Quel che noi non vediamo all'inizio del film, il recinto, le "Barriere" del vialetto della casa di Troy e Rose, ci saranno alla fine, quando non serviranno più, quando i "buoi sono scapati" direbbe il fornaio, quello stesso che riprezzava il pane a Troy che però continuava a preferirlo al supermercato dato che poteva - in tempi di magra - comprare a credito.
Un film tutto parlato questo con la sceneggiatura accreditata di Wlson stesso, morto però nel 2005, e coadiuvato - ma non accreditato - da Tony Kushner: dei dialoghi al vetriolo dall'inizio alla fine, che non stemperano mai la tensione e la passione con cui vengono affrontati i problemi di tutti i giorni, dal salario basso del padre Troy, al figlio trombettista senza lavoro Lyons, fino al promettente giocatore di baseball, il figlio più piccolo, Cory.

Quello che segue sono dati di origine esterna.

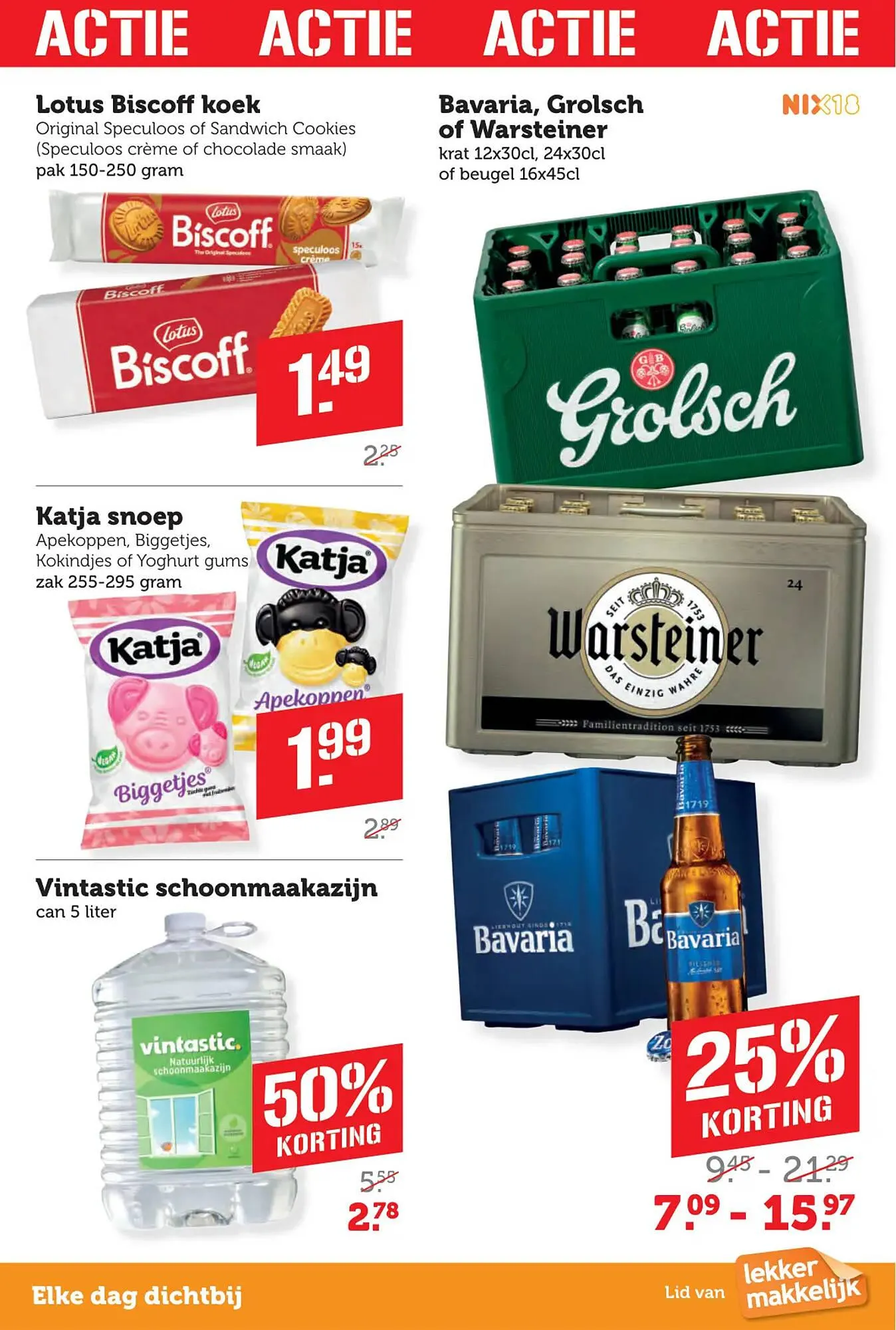 Dagwinkel folder van 9 maart tot 15 maart 2026 - Folder pagina 7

I personaggi sono tagliuzzati dalla lingua sforbiciante di Troy, che è l'unico personaggio che è dipinto a tutto tondo, gli aktri sono quasi sfumati tra la palla da baseball del cortiletto fino alla trombetta di Gabe (Gabriel), lo sbandato amico di famiglia che Troy ha un pò sfruttato ed un pò aiutato.
Ci viene da pensare che questa grande azione interiore descritta in ogni dialogo del film, avvenga tutta nel cervello di Troy, dentro la sua vita che lega alla moglie Rose, all'amico Bono, ai figli che ha generato. Come se quel riflesso narcisistico ed allo stesso tempo torturante del figlio, quello che gli somiglia di più, Cory, sia solo un appendice del padre, che non riuscità mai a slegarsi dalle sue tenaglie, come invece riuscità, anche in parte fallendo, quello più grande, Lyons.

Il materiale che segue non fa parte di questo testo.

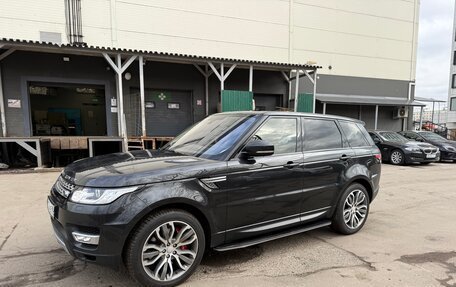 Land Rover Range Rover Sport II, 2014 год, 4 070 000 рублей, 6 фотография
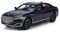 1 24 Für BMW DIE 7 760LI Simulation Diecast Metall Legierung Modell Auto Sound Licht Zurückziehen Sammlung Spielzeug Geschenke Druckgussmodelle Motorfahrzeuge(Schwarz)
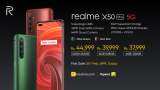 Realme X50 Pro 5G, India’s first 5G smartphone launched with 65W fast charging: Check price, features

Un film che richiede molta concentrazione e molto scavo dentro di sé per affrontare certe domande che le parole di Troy, anche quelle più sbagliate, pongono ripetutamente sugli interni poveri di una casa col cortiletto (la "yard") anni '50, quando i neri (e loro stessi si chiamavano così e non afroamericani come vuole spesso una retorica della bourgeoisie perbenista e falsamente rispettosa di quei diritti conquistati col sangue) non accedevano nemmeno a lavori come quello di camionista, perchè quello lo faceva il bianco, essendo n lavoro più "facile" rispetto al raccogliere i rifiuti per la nettezza urbana.
Una carrellata di attori straordinari, dopo Denzel Washington, Viola Davis che interpreta Rose Maxson, la moglie di Troy; Mykelti Williamson nei panni di Gabriel Maxson; seguono Cory, nel cui ruolo recita Jovan Adepo e Russell Hornsby nella parte del fratello maggiore Lyons Maxson; il grandioso Stephen Henderson nella parte dell'amico Jim Bono chiude il cerchio.